Local IBD sharing at KCNE1 was analyzed between the 12 clinic carriers and the 69,879 subjects in BioVU of European descent. This identified two clusters containing known carriers, with an additional 23 subjects sharing the same chromosomal segment at KCNE1. Of the 23 BioVU subjects, exome sequencing confirmed D76N in 22. In the connection plots for cluster A (A) and cluster B (B), individuals are represented by the segments along the periphery. Shared chromosomal segments at KCNE1 between individuals are indicated by the red and gray connectors. C) Illustration of the length and position of the shared segments spanning KCNE1 among members of cluster A (red), members of cluster B (purple), and in members of both cluster A and B (blue). D) The dendrograms for cluster A and cluster B represent generational distance between subjects based on the inverse of the length of the IBD segments underlying KCNE1 (labeled). All clinic subjects (“C” prefix) had D76N carriership determined by clinical-grade commercial testing.* indicates confirmation of D76N carriership by whole exome sequencing (WES), and the red star indicates the possible mutation event on the shared haplotype. The annotated branch length in the dendrograms for cluster A and cluster B represents the local familial distance between subjects, estimated as the inverse of the length of the IBD segments underlying KCNE1 (numeric label on each node). IBD = identical by descent

Figure 4.. The QTc and polygenic risk in D76N carriers compared to population controls.

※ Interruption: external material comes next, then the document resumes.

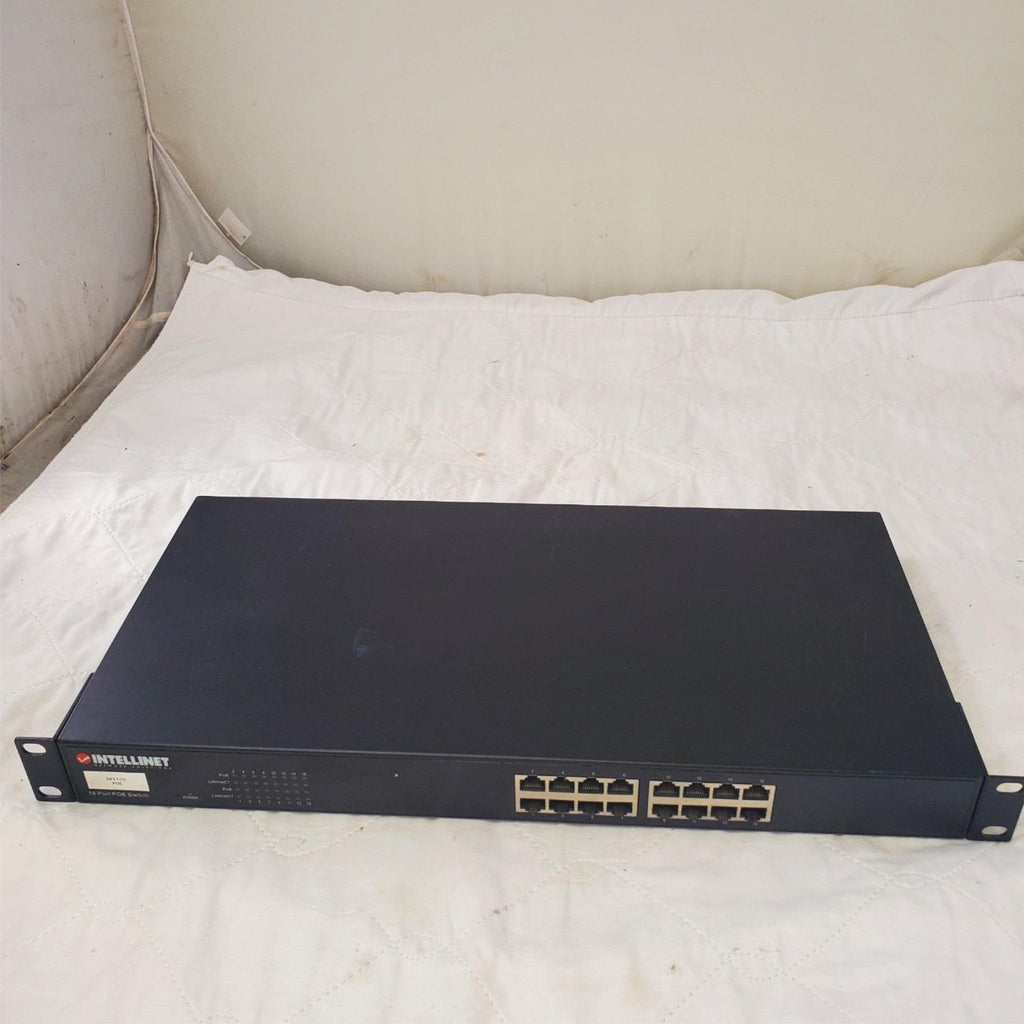 Intellinet Network Solutions 524155 16 Port POE Switch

A) ECGs meeting criteria detailed in eMethods were available for all clinic carriers, and for 13 of 22 biobank (BioVU) carriers. The ancestry-matched BioVU controls were selected as detailed in Methods. For both carriers and controls, if multiple ECGs were available for a subject, the maximum QTc was used. Male carrier QTcs were adjusted to female sex by adding 11.3 msec (derived from the difference between males and females in the control group when adjusted for age and PRS). The QTc was prolonged in carriers (465±6.2 msec, n=25) compared to female controls (429±22.9 msec, n= 2218; p-value=4.2x10⁻⁵). The boxplot shows the three quartiles (25%, 50%, and 75%) of the carriers. P-values indicate the result of the Welch unequal variances t-test between carriers and controls, with p-value<0.05 considered significant. B) Carriers have a longer QTc than controls with the same PRS. The PRS for the QTc was calculated for each carrier (clinic n=12, BioVU n=13) and for the ancestry-matched BioVU controls (n=3,436) with ECG data meeting criteria as detailed in eMethods. The predicted QTc as a function of PRS is shown for carriers (blue line) and non-carriers (gray line). C) Carriers with a prolonged QTc have a higher PRS than carriers with a normal QTc. The maximum QTc meeting inclusion criteria was used, and was adjusted for age and sex. The p-values indicates the result of Mann Whitney U test comparing carriers with maximum QTc <480, and ≥480 msec. P-value <0.05 was considered significant. PRS = polygenic risk score.